I haven't gone looking but verifier tools compatible with languages people already use (typescript/rust/go/whatever is the flavour of the month) feel like the way to go
I'm exploring it now as a way to ease colleagues into SPARK. A lot of the material appears to transfer over and the book Program Proofs seems better to me than what I found for SPARK. I probably wouldn't have colleagues work through the book themselves so much as run a series of tutorials. We've done this often in the past when trying to bring everyone up to speed on some new skillset or tooling, if someone already knows it (or has the initiative to learn ahead of time) then they run tutorial sessions every week or so for the team.
The only* practical way to approach this is exactly Dafny: start with a (probably) consistent core language with well understood semantics, build on a surface language with syntax features that make it more pleasant to use, proving that the surface language has a translation to the core language that means semantics are clear, and then generate the desired final language after verification has succeeded.
Dafny's about the best of the bunch for this too, for the set of target languages it supports.
(It's fine and normal for pragmatic languages to be inconsistent: all that means here is you can prove false is true, which means you can prove anything and everything trivially, but it also means you can tell the damn compiler to accept your code you're sure is right even though the compiler tells you it isn't. It looks like type casts, "unsafe", and the like.)
* one could alternatively put time and effort into making consistent and semantically clear languages compile efficiently, such that they're worth using directly.
You can get pretty far in Haskell (with various extensions) and Scala. But for Go/TypeScript/etc, forget about it.
Truth is that everything involves a tradeoff, and some systems are better than others at different things. Dafny explores a particular design space. Hoare-style invariants are easier to use than dependent types (as long as your SMT solver is happy, anyway) but F* also has that, except that in F* you can also use dependent types when automatic refinement proofs become inadequate. And F* and ATS can target low-level, more so than Dafny.
Probably I would not use ATS for anything, but between F* and Dafny, there isn't such a clear cut (I'd most likely use F*).
And if I don't need (relatively) low-level, I wouldn't use either.
I'm currently using Lean myself, but Agda's probably going to win out longer term for me simply because it compiles to GHC Haskell.
Let alone something more complex in formal verification.
This procedure is unsurprisingly called sequentialization and (somewhat less unsurprisingly) is also a pretty good approach when applied to other techniques, such as bounded model checking [2].
Currently it has translation backends for C#, Java, JavaScript, Go and Python.
Lean/Adga are real programming languages, while Coq (Rocq), F*, ATS, Isabelle/HOL all extract to various other programming languages.
Frankly, it's TLA+ that is the odd one here.
I'm more familiar with Alloy, which is a great tool for exploring a specification and looking for counter-examples that violate your specification.
AFAIK, none of the languages you listed above work well in conceptualization phase. Are any of them capable of synthesizing counter-examples out of the box? (Aside: I feel like Lean's meta capabilities could be leveraged to do this.)
Never looked into Alloy, I guess have to get an understanding of it.
How can you validate that the beautiful design phase actually maps to e.g. C code, writing data via ODBC to a SQL database, with stored procedures written in PL/SQL?

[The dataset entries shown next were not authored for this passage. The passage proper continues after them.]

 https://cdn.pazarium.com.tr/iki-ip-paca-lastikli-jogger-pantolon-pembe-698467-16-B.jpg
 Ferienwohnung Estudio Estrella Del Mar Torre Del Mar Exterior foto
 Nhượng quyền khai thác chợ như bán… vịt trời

Neither the semantics of the toolchains nor the semantics of the commercial products ar part of the TLA+ model as such.
Additionally it requires someone to meticulously compare the mathematical model with the implementation code, to validate that what is written actually maps to what was designed.
Although it wouldn't work for my contrieved example, at least tools like Dafny have more viability by going through "formal model => generate library for consumption", so that we can get an automated model to code validation, without human intervention.

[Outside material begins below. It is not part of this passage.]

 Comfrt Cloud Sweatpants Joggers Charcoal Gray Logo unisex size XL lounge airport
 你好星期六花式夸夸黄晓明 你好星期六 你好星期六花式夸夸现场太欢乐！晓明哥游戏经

This is a deficiency in TLA+ (and many other systems), but it's not a good enough reason to discard or dismiss it. The industry alternative to TLA+ is not something that traces fully and easily from spec to code, but mostly to use informal, largely prose, documents as their specification (if they specify anything at all). TLA+ is a massive improvement on that even if it's not a perfect tool. Same for Alloy and other systems. It's better if people model and specify at least portions of their system formally even if it still takes effort to verify the code correctly implements that specification, effort they have to expend anyways but with greater difficulty lacking any thing approaching a formal specification.
I'd be ecstatic if LLMs could write those tactic functions. Unfortunately, they're not great at the reasoning and preciseness required (plus their training data isn't exactly overflowing with Dafny proofs.)
Jtsummers•1d ago
This only had the one previous submission but I found it interesting. The mentioned book, Program Proofs, is worth checking out if the topic and language interests you.